Bit above in the data management plan we already discussed that it is important to estimate how much time the data management needs. This, at least in humanities, is often connected to how much it costs. Our data usually is not tied to very expensive equipment, and we often do rather qualitative analysis and annotation, so a lot tends to boil into how much time something takes.

How large dataset you are creating is thereby really dependent from how big your team is. It’s easy to see what this means when you are working alone! If you have to manage and publish a huge database, and also do your research, you may find yourself from a pretty tight spot. This is one reason why we will discuss quite thoroughly the benefits of trying to use the existing datasets. You simply have less to do with data management, and can emphasize further work on the materials and your own research.

When there is a team working with the dataset things get different. With several specialists who know the data type, content and best practices, we can do very impressive new datasets in reasonable time, which still often means years. We have thereby had plenty of research projects that create new datasets, and exclusively do that. The result of the project is a new corpus or resource.

In this point I have grown little bit suspicious toward this approach. I think datasets that are not used in research may not always be entirely battle tested. And this is a problem. How can we know that the conventions of the dataset are actually useful, if nobody has seriously used it in any research? Was the sampling reasonable, and same question can be asked about tens of little details we have to decide. Still, I do admit that when we are speaking about really large datasets, large projects and teamwork is the way to go.

And, as a final word of caution, usually a single PhD student should not be responsible for the project’s data management while they also do their PhD. This is a common recipe, but I think lots of alarms should start ringing under this arrangement. Generally in a project the data management should not be in hand one individual person, as it streches into everything we do with the data as a team, and should connect to everyone’s work. At the same time the practices should not only be dictated from above, but be discussed in detail, based on current experiences and tools available, with the entire team.
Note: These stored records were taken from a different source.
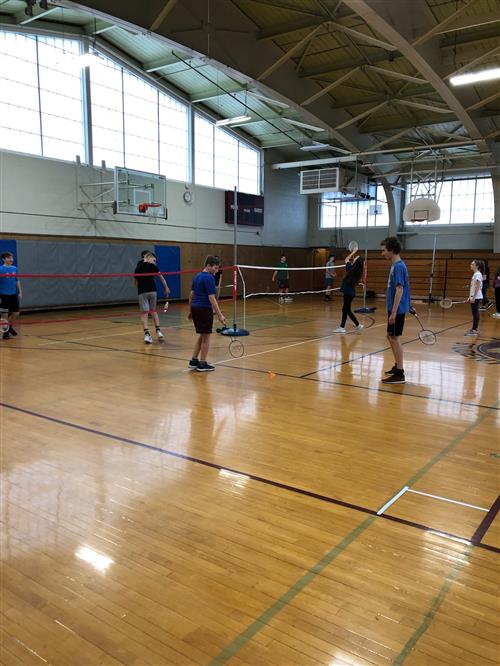 Students playing badminton at Lawrence 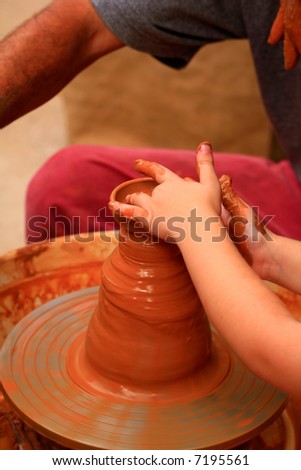 A potters hands guiding a child hands to help him to work with the ceramic wheel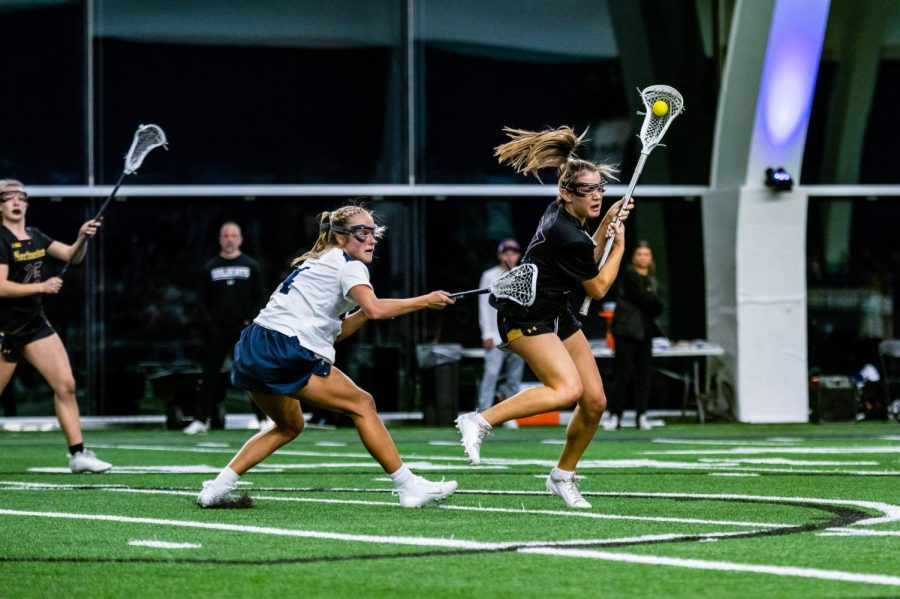 A lacrosse player in a black jersey keeps the ball away from a player in a white jersey.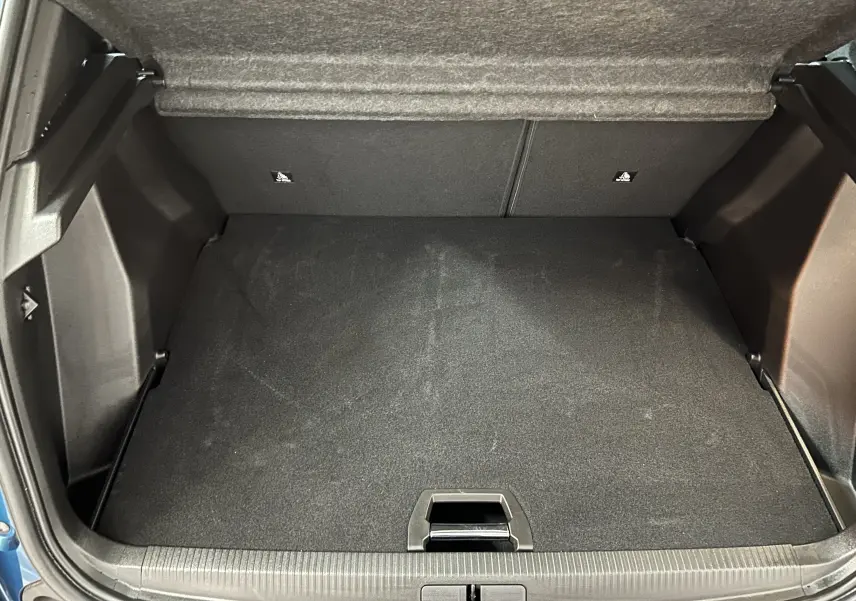 Coffre ouvert vu de face du Peugeot 2008 bleu Obsession, montrant l'espace de rangement vide et le plancher plat.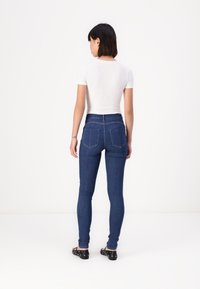 Chudé džiny v tmavomodrom denim, s vysokým pásom, dvoma zadnými vreckami a hladkou textúrou, skombinované s priliehavým bielym topom.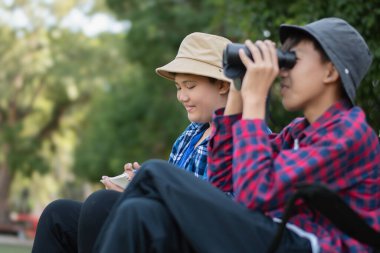 Asyalı çocuklar parklarındaki kuşları dürbünle izleyerek rahatlıyorlar..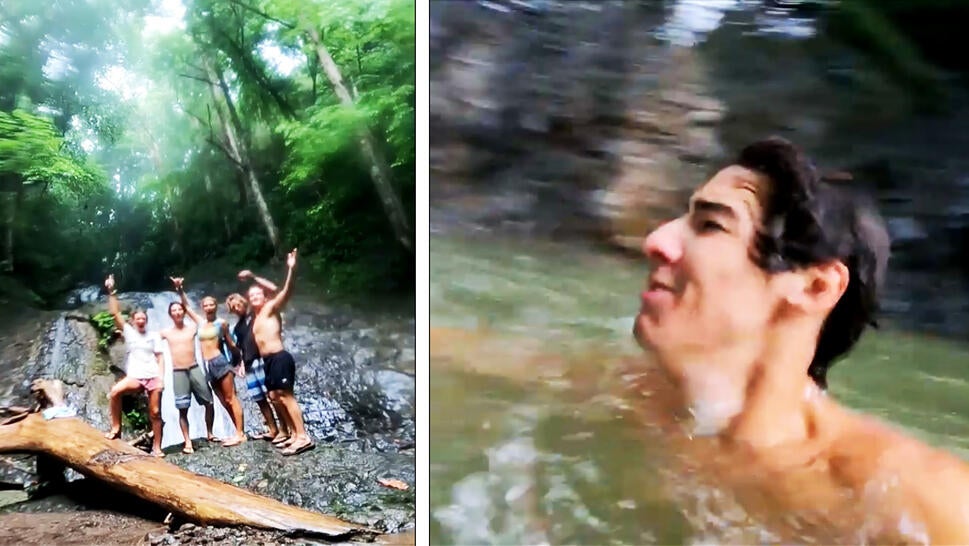 Teens pose in front of a waterfall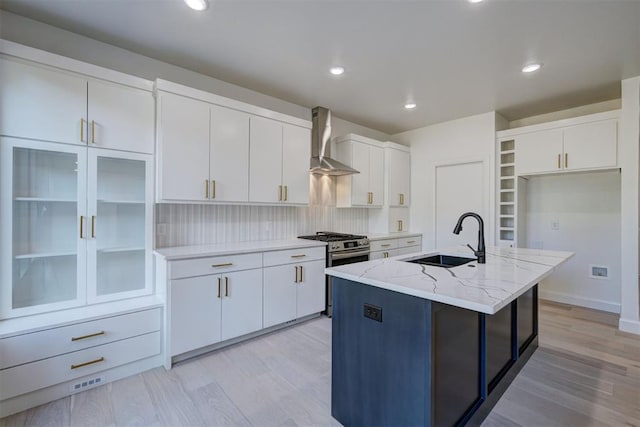 kitchen with wall chimney exhaust hood, a sink, a center island with sink, and white cabinetry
6.4 How narrow are we staying?

Besides the size of the dataset, there is another question of breadth. Even a small data, if annotated for lots of detail, can become lots of work. At the same time some small datasets are really suitable for few individual studies. I would never say just to one, as replication and changing the angle certainly can always be done with real benefits, but it is true that some datasets are wider than others. For example, a general corpus of a language can suit countless of different studies, whereas a small corpus of specific pronounced words is already something that may have been created just for one specific purpose. These examples also have the relation that latter often could had been derived from the former.